Two perfectly grilled and seasoned chicken wings
Beef cubes, mushrooms, and peppers grilled in butter garlic sauce over a tiny hibachi at one's seat and served with two different sauces
Some kind of green udon in a dashi laden with scallions (really satisfying!)
Ham & tomato pizza on a brioche
Bento boxes on the train (too many different dishes to mention)
Firefly squid grilled with raab
Grilled atka mackerel
Braised gurnard aka sea robin with lotus root, sweet potato, brassica greens
Fennel/mizuna salad with tiny fish, yuba, and fried tofu
Maguro (tuna) hambaaga
Warm tofu with soy sauce
Yuba (tofu skin) with fresh wasabi and soy sauce
Panko crusted tofu
Soy milk (tastes like tofu, nothing like American soy milk)
Tofu/dried bean/pea salad
Bamboo shoot salad
Rice with tofu and other grains
Green tea ice cream dusted with matcha powder
Frozen strawberries stuffed and coated with white chocolate
Mango ice cream coated with white chocolate
Chocolate ice cream dusted with cocoa powder
Shiso (a Japanese herb, often served with sushi or tempura) sorbet--really outstanding!
Green tea jelly
Ohagi (sweetened red bean paste wrapped around lightly pounded sweet rice; also lightly pounded sweet rice wrapped around the sweetened red bean paste and dusted with roasted soy bean flour)
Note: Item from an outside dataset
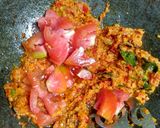 Foto langkah ke 3 dari resep Tongkol Bumbu Kuning Pedas.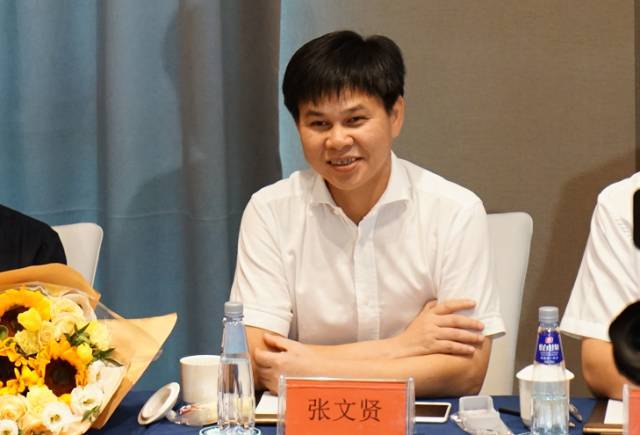 晋江市市长张文贤倾听学员讲述学习的转变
Sakura mochi (lightly pounded sweet rice with sweetened red bean paste, wrapped in a brined cherry leaf)
Yomogi daifuku (green mochi stuffed with the sweetened red bean paste)
Ginger senbei (ginger crackers)--we eat them by the handful over a fresh fruit salad Dick makes every morning
Tofu matcha mousse
Of course, the sky's the limit for restaurant meal prices here, but none of the above was anywhere close to being in that category and was served at restaurants varying from cheap to moderate by Seattle standards.
One thing Seattle does have over Japan in food is the availability of good quality reasonably priced fruit. Fruit here is more expensive than it is back home, and the choices are not nearly as varied. And that's not even considering the "gift fruit"--specially wrapped premium fruit. For example, yesterday I saw two smallish but beautiful cantaloupe in a gift box: priced at 8000 yen. That's about $67.